Mas as camisas amarelas e bandeiras do Brasil sumiram das
manhãs de domingo. Uma possível resposta ao paradoxo de Fermi é o fato de que
civilizações mais antigas podem ter existido e desaparecido. Uma das possíveis
respostas ao paradoxo tropical é o enlace do movimento anticorrupção com o
governo.
A decisão de Toffoli representa uma retrocesso de mais de
uma década, rompe com acordos internacionais do Brasil e nos transforma de novo
num paraíso para os fora da lei. Mas ela foi provocada por um pedido da defesa
de Flávio Bolsonaro, que estava sendo investigado com dados do Coaf. O pai,
Jair, concordou com a medida.
O ministro Sergio Moro expulsou três paraguaios que se
refugiavam no Brasil e disse que o País não será mais um abrigo para bandidos.
Porém não comentou a medida de Toffoli que desfaz grande parte de um trabalho
contra a corrupção. Ele abre caminho para recursos do PCC e outras quadrilhas,
dificulta trabalhos importantes, como o de um laboratório de tecnologia de seu
ministério que trabalhava especificamente com a lavagem de dinheiro.
Embora esteja longe de Brasília, posso imaginar mais um
fator que explica o paradoxo tropical. Toffoli estava incomodado com as
notícias de que o escritório de advocacia de sua mulher foi investigado pelas
autoridades financeiras. Antes dele, Gilmar Mendes também protestou contra as
investigações sobre as finanças de sua mulher. Havia no Supremo uma disposição
para deter o mecanismo de troca de informações, hoje bastante corriqueiro no
mundo. Os Estados Unidos, por exemplo, enviam inúmeras pistas para outros
países sobre suspeitas de financiamento do terrorismo. Mas em Brasília, quando
se vai tomar uma medida desgastante, a primeira preocupação, se possível, é
dividir a responsabilidade.
O pedido de Flávio Bolsonaro era o caminho ideal.
Bolsonaristas deixariam suas camisas amarelas na gaveta. O Supremo estava
protegido, não haveria grandes reações.
O pressuposto desse trabalho de troca de informações
financeiras é o sigilo. Houve vazamento no caso das esposas de Gilmar e
Toffoli. Isso também explica parcialmente o paradoxo. O mecanismo foi
apresentado como ameaça aos direitos do indivíduo, ao sigilo bancário.

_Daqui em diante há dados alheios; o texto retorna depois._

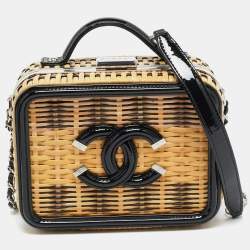Pre Owned Chanel CC Filigree Vanity Case Small Beige/Black Rattan and Patent Leather Shoulder Bag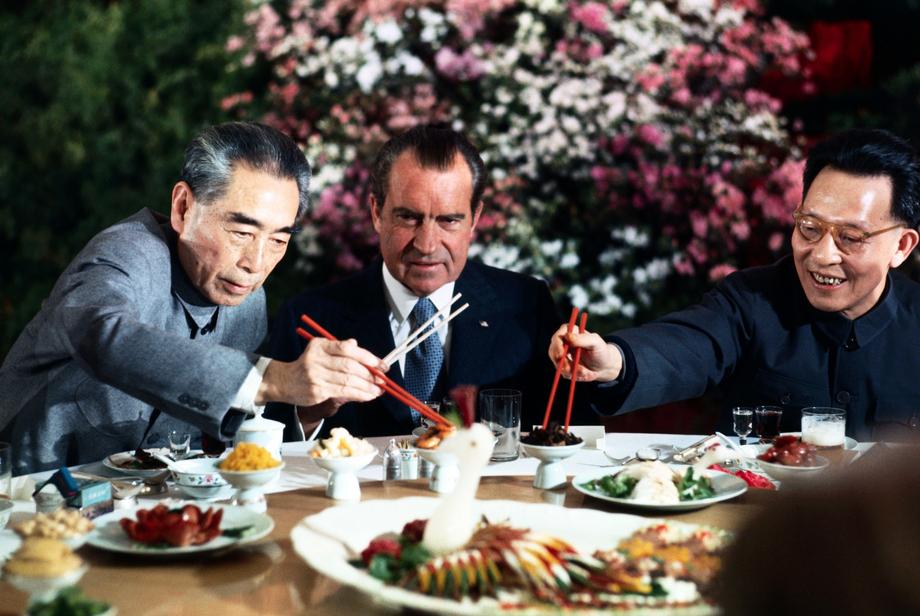 Richard Nixon i Zhou Enlai podczas oficjalnej wizyty prezydenta USA w Chinach, luty 1972 r.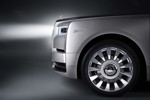 Rolls-Royce Phantom, prägnant umrandete Tagfahrscheinwerfer und modernes Laserlichtsystem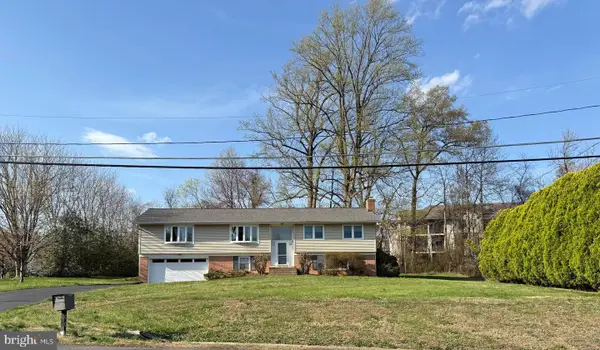 12106 Ruffin Dr, FAIRFAX, VA 22030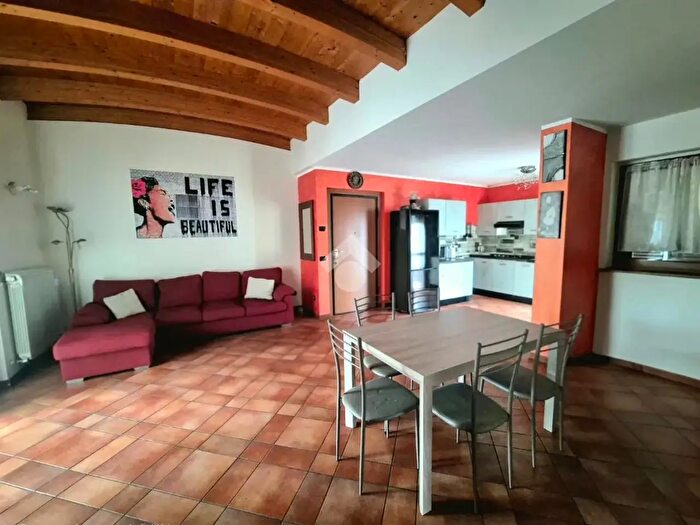 Appartamento trilocale in vendita in Via Eugenio Curiel, Mezzago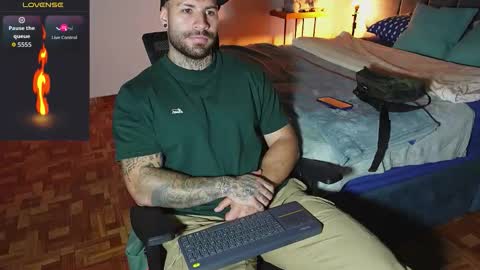 kite__ online show from 03/08/26, 02:21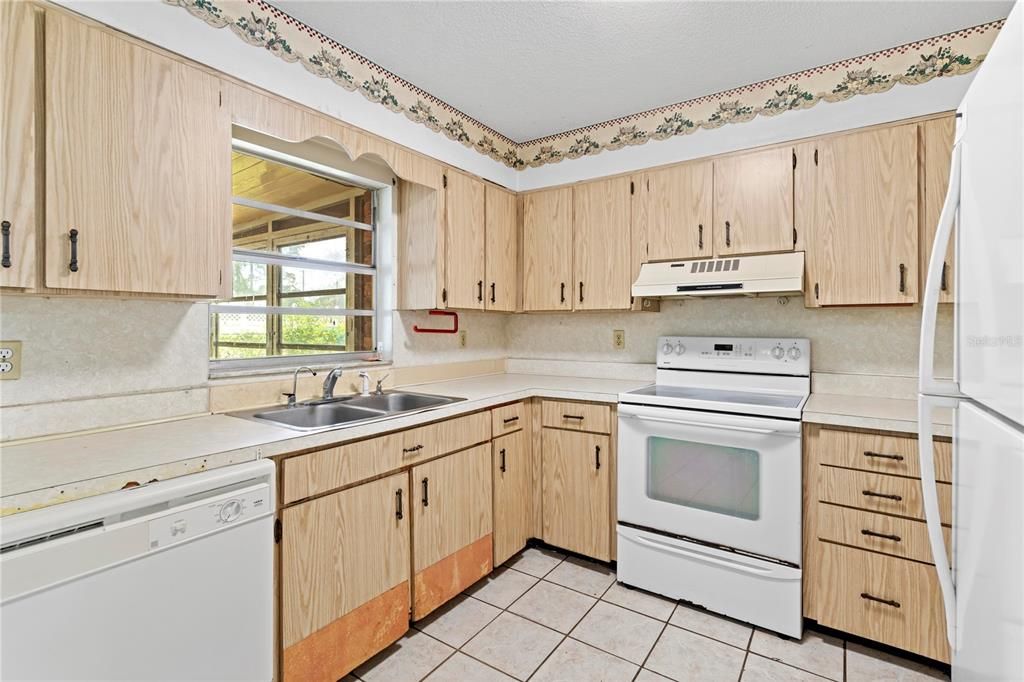 For Sale: $269,900 (3 beds, 2 baths, 1296 Square Feet)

No tempo dos degredados já havia uma certa visão negativa do
Brasil. Ela se consolidou mais tarde nos filmes americanos em que o Brasil era
uma espécie de Shangri-lá dos bandidos. Ronald Biggs, que participou do grande
assalto ao trem pagador na Inglaterra, certamente veio para cá movido por essas
fantasias.
Assim como a expectativa científica era de civilizações
exteriores, no paradoxo tropical, onde todo mundo sumiu, é a própria pressão
externa que pode resolvê-lo. As empresas hoje são regidas por certas normas de
conduta, os países também são julgados assim quando rompem acordos
internacionais no campo do combate à lavagem de dinheiro.
Perdem credibilidade.
Prevemos um futuro de intenso intercâmbio com o mundo,
apesar dos lamentos antiglobalistas. O acordo com a União Europeia já foi
acionado, aproxima-se outro com o Canadá. Sem contar o próspero Oriente.
Todavia, exceto a Rede, que recorreu contra a decisão de
Toffoli, a oposição não se mexeu. Para a esquerda tradicional, a luta contra a
corrupção era apenas uma nota no pé de página. E, quando se agigantou,
tornou-se ameaça ao Estado de Direito, instrumento para derrotar as forças
populares.
Navegando nesse paradoxo, o que se vê é um desmonte do
aparato investigativo, uma volta, pelo menos nesse aspecto, a um passado de
impunidade. E um nó dado no movimento contra a corrupção que se identificou com
o bolsonarismo e agora é obrigado a fazer o jogo político tradicional.
Isso não significa que desapareceu a luta contra a
corrupção. Ela apenas recuou para o partidarismo, o velho jogo de apontar
corrupção nos adversários e calar sobre as suspeitas que recaem sobre si
próprio.
Esse jogo leva necessariamente a uma convergência para
neutralizar mecanismos sentidos como ameaçadores. Na experiência internacional,
a expressão “siga o dinheiro” passou a ser um norte para as investigações. A
medida de Toffoli diz o contrário: esqueçam o dinheiro porque não há
autorização judicial para segui-lo.
Mas, se essas pistas forem desprezadas, como alcançar as
grandes organizações criminosas, cada vez mais hábeis em camuflar suas
atividades?
No escândalo da Petrobrás descobriu-se que a Odebrecht tinha
um departamento de propinas, contas e até banco no exterior. Os criminosos
comuns carecem dessa sofisticação, mas não faltam mercenários para
assessorá-los.
Quando Dias Toffoli e Alexandre de Moraes tentaram censurar
a revista Crusoé houve reação rápida e eficaz. Recuaram. Mas recuar agora é
difícil porque os fios se ligaram lá em cima, governo e Toffoli pensam da mesma
maneira, beneficiam-se da mesma medida.
Sumiram os cartazes, faixas caminhões de som e nessa
nebulosa tropical somem também as grandes e suspeitas transações financeiras.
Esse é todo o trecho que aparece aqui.